ИБ: Действительно, во втором стихотворении появляется образ «новой Сусанны», на которую смотрят «новые старцы», то есть японцы с кинокамерами. Но я просто решил, что Зонтаг будет приятней, если я ей посвящу первое стихотворение. Ведь посвящаешь стихотворение для того, чтобы кого-то порадовать. Вы знаете, когда-то — давным-давно — я услышал совершенно замечательную музыку. Это была пластинка Баха, а произведение называлось «Музыкальное приношение». Вы, конечно, знаете эту музыку…
СВ: Я даже догадываюсь, о какой именно пластинке речь идет — чешская, фирмы «Супрафон». Это была единственная запись «Музыкального приношения», которая продавалась в Ленинграде в шестидесятые годы…
ИБ: Так вот, я тогда подумал: хорошо бы и мне оказаться способным когда-нибудь написать такое! Сделать кому-нибудь такое приношение. В этой эмоции, мне кажется, кроется один из сильнейших побудительных мотивов к творчеству. Стихотворение пишешь для того, чтобы отблагодарить, да? Вот откуда все эти мои стихотворения, посвященные разным местам и странам. Какой-то критик написал, что это у меня получается травелог. Все это чушь! Пишешь потому что ты был где-то счастлив и хочешь поблагодарить за это. Той же монетой, если угодно. Потому что платишь искусством за искусство. Так что это — та же самая монета. Я помню один совершенно феноменальный эпизод в моей жизни. Вы ведь знаете мое стихотворение «Лагуна», написанное про Венецию. Оно мне всегда очень сильно нравилось, но это было давно. И вот, во время той самой Биеннале 1977 года, о которой мы говорил давеча, я выступал в Венеции — уж не помню в каком зале, где-то около театра Ла — Фениче. Но сам этот зал я запомнил на всю жизнь. Весь он — стены, потолок, все — был залеплен фресками Гварди, по-моему. Представьте себе, этот зал, эта живопись, полумрак. И вдруг я, читая свою «Лагуну» почувствовал, что стою в некоем силовом поле. И даже добавляю нечто к этому полю. Это был конец света! И поскольку это все было в твоей жизни, можно совершенно спокойно умереть. Помните, как Барышников рассказывал о словах Шмакова перед смертью, когда тот лежал в больнице? «Какая у меня все-таки была счастливая жизнь…»

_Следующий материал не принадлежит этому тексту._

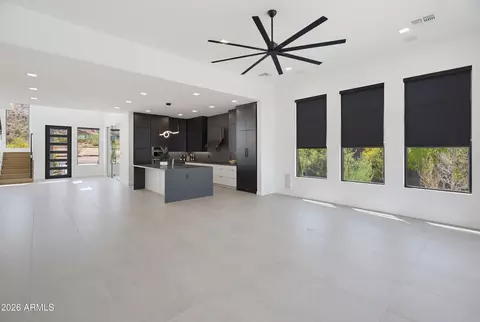 Living - 3350 E Highline Canal Rd, Phoenix, AZ 85042 photo 8 of 15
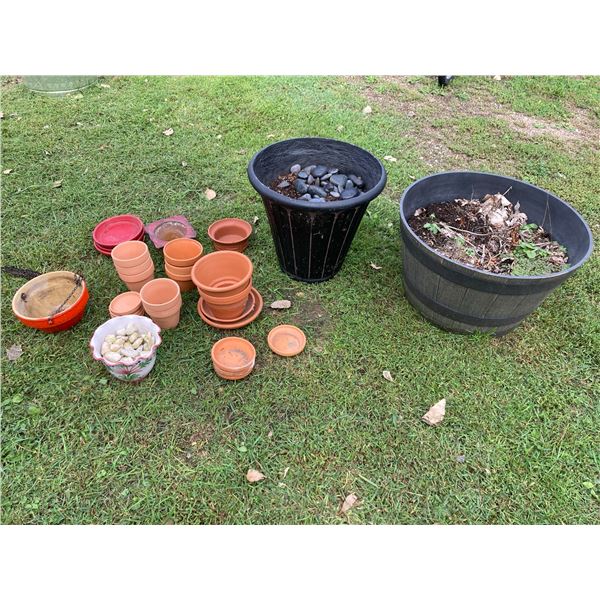 POTS AND PLANTERS INCLUDING A RUSTIC, PLASTIC WHISKEY BARREL PLANTER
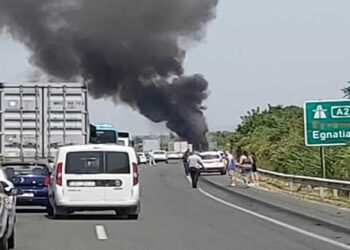 Ώρα 15:00: Μεγάλη φωτιά σε νταλίκα στην Εγνατία Οδό, αμέσως μετά τη Βέροια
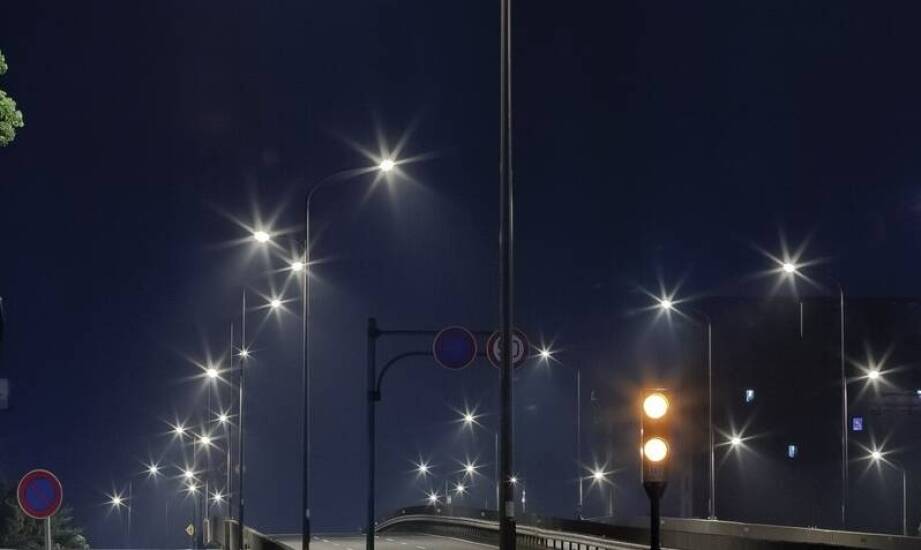 Porównanie technologii: latarnie hybrydowe kontra tradycyjne oświetlenie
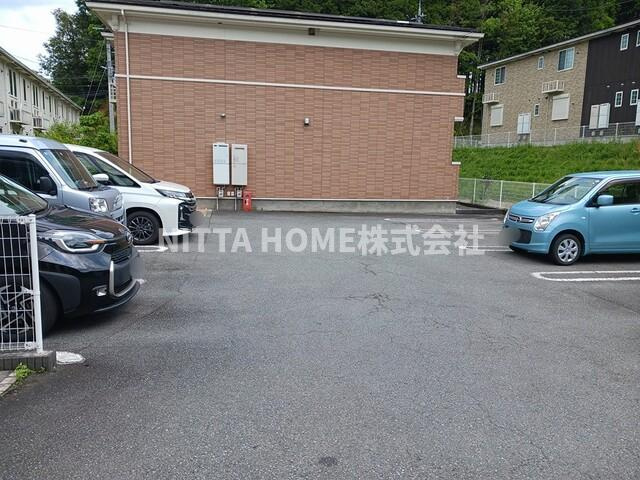 アルメールＣの駐車場|駐車場＆駐輪場もスペースがあります◎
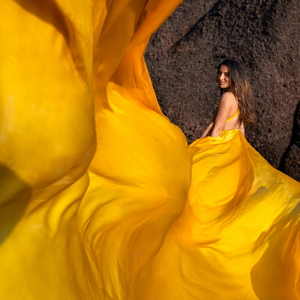 Robe longue fluide jaune vif en satin de luxe, dos nu, avec longue traîne, style Santorin, pour séance photo - Product Image 1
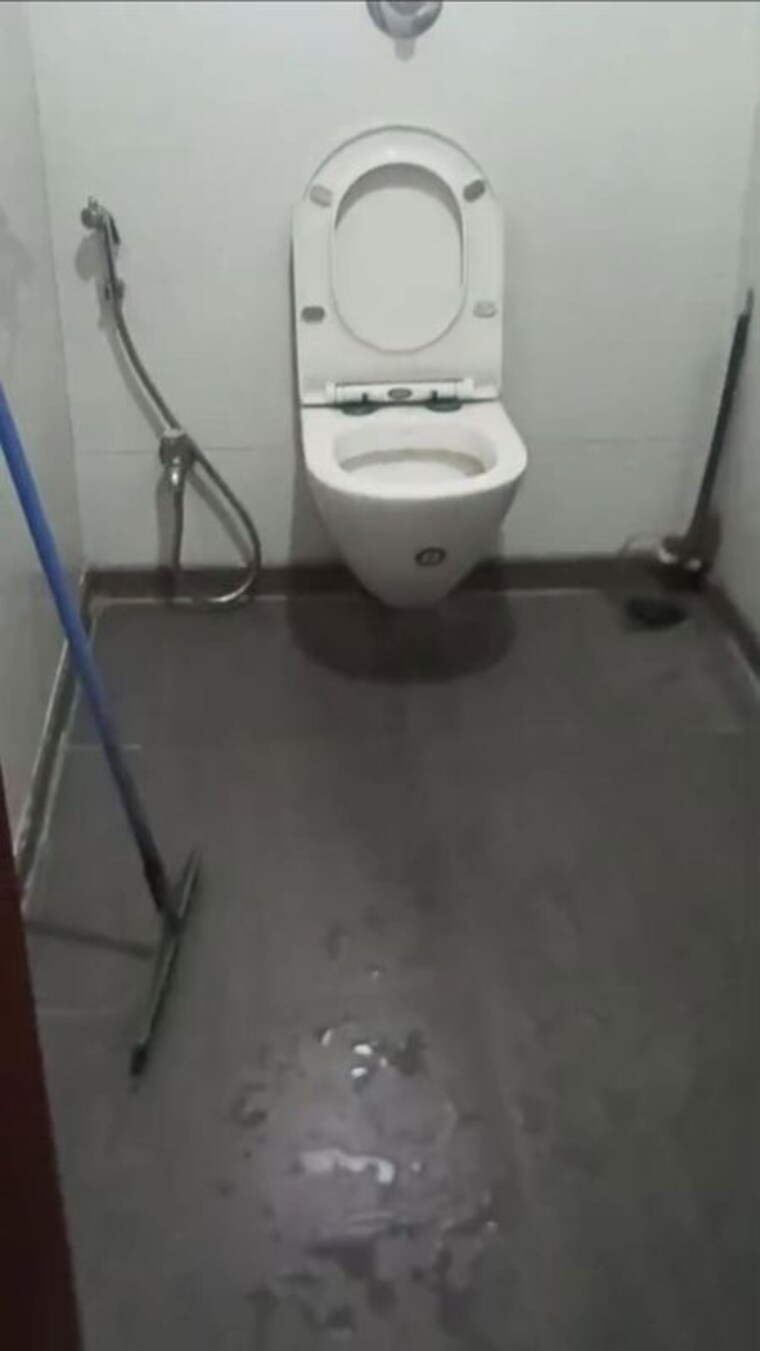 Bathroom, roha-satsang-bharti 3 Bedroom 1150 Sq.Ft. Apartment In Malad East Mumbai 10758853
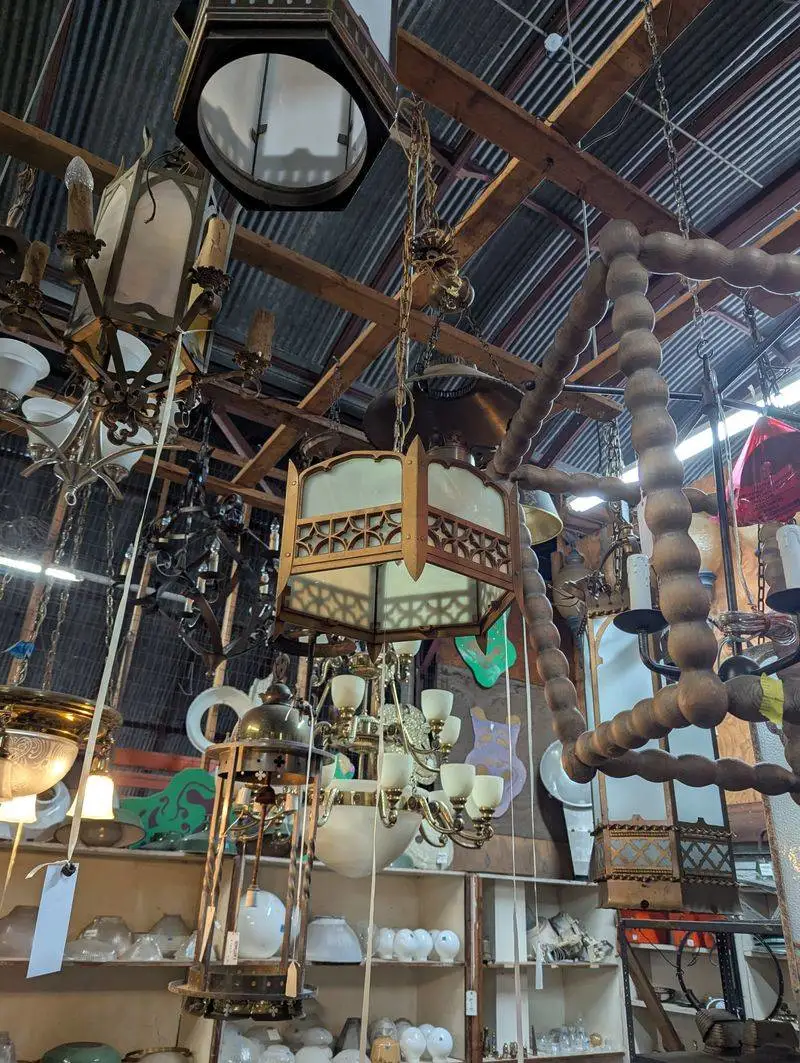 Industrial Vintage Lighting Fixtures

СВ: Вы об этом же говорите в последней строфе «Римских элегий»…
ИБ: Да, о том же самом. О том же самом.
СВ: И еще о посвящениях — в частности, о посвящениях женщинам. Скажем, у вас роман с женщиной — провоцирует ли это вас на стихотворение и, соответственно, посвящение? И какая, скажем, женщина провоцирует на стихотворение, а какая — нет?

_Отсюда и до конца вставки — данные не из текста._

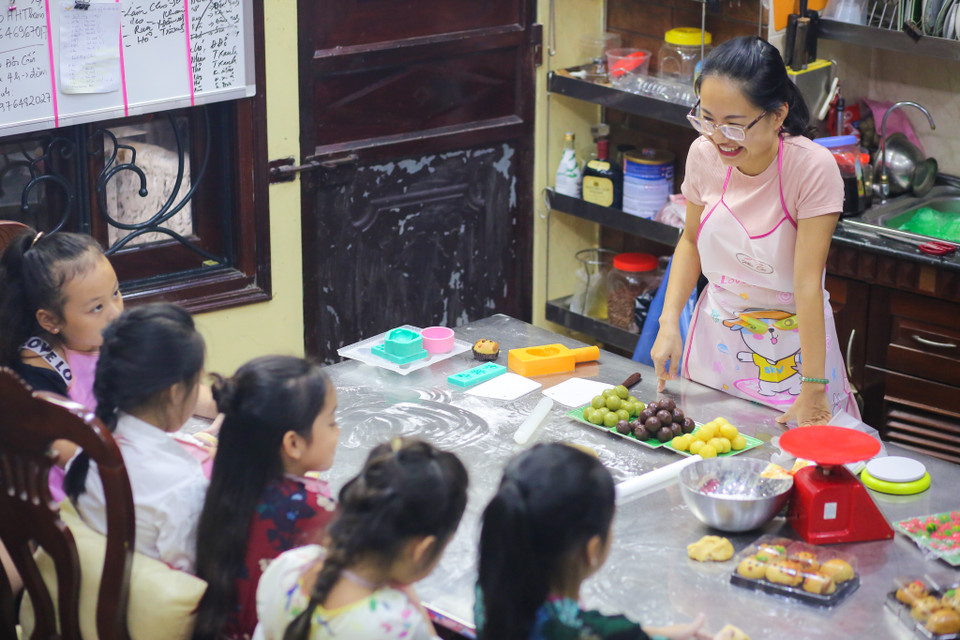 Một nhóm các bạn mẫu nhí nổi tiếng của làng thời trang Việt như Diệp Anh, Phương Dung, Bảo Anh, Nam Phương,... đã cùng nhau học làm những chiếc bánh Trung thu truyền thống đầy ý nghĩa để tặng cho cha mẹ mình. (Ảnh: Minh Sơn/Vietnam+)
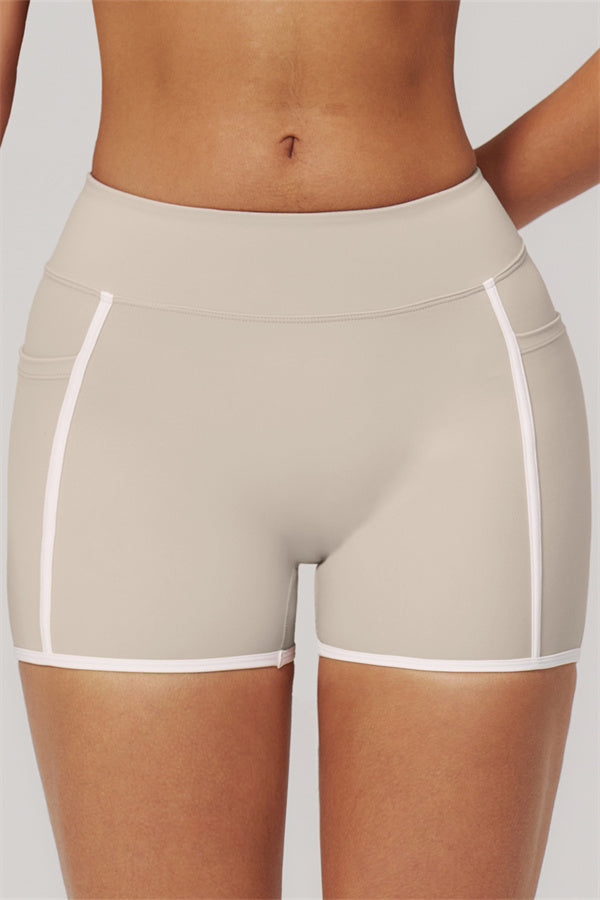 Conjunto de 2 piezas Clarity con sujetador deportivo de tirantes dobles y shorts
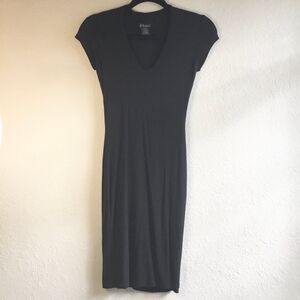 Classic little black dress v neck short sleeve super stretchy closet staple S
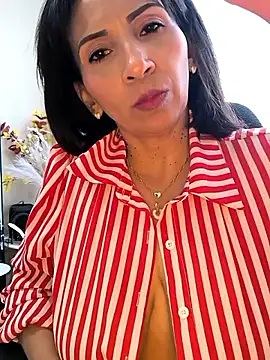 Mrsvictoriaaa online show from 04-06-26, 08:21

ИБ: Ну на стихотворение-то провоцируют все, я думаю. Но зачастую это происходит — как бы это сказать — постфактум.
СВ: Возьмем, к примеру, те же самые «Римские элегии» ваши. Каждый раз, когда я их перечитываю, то натыкаюсь на посвящение — «Бенедетте Кравиери». И это имя стало для меня настолько частью всего цикла, что я стараюсь ее себе вообразить, поскольку никогда ее не видел, ничего о ней не знаю. Это что — у нее синие глаза, которые в «Римских элегиях» не раз поминаются?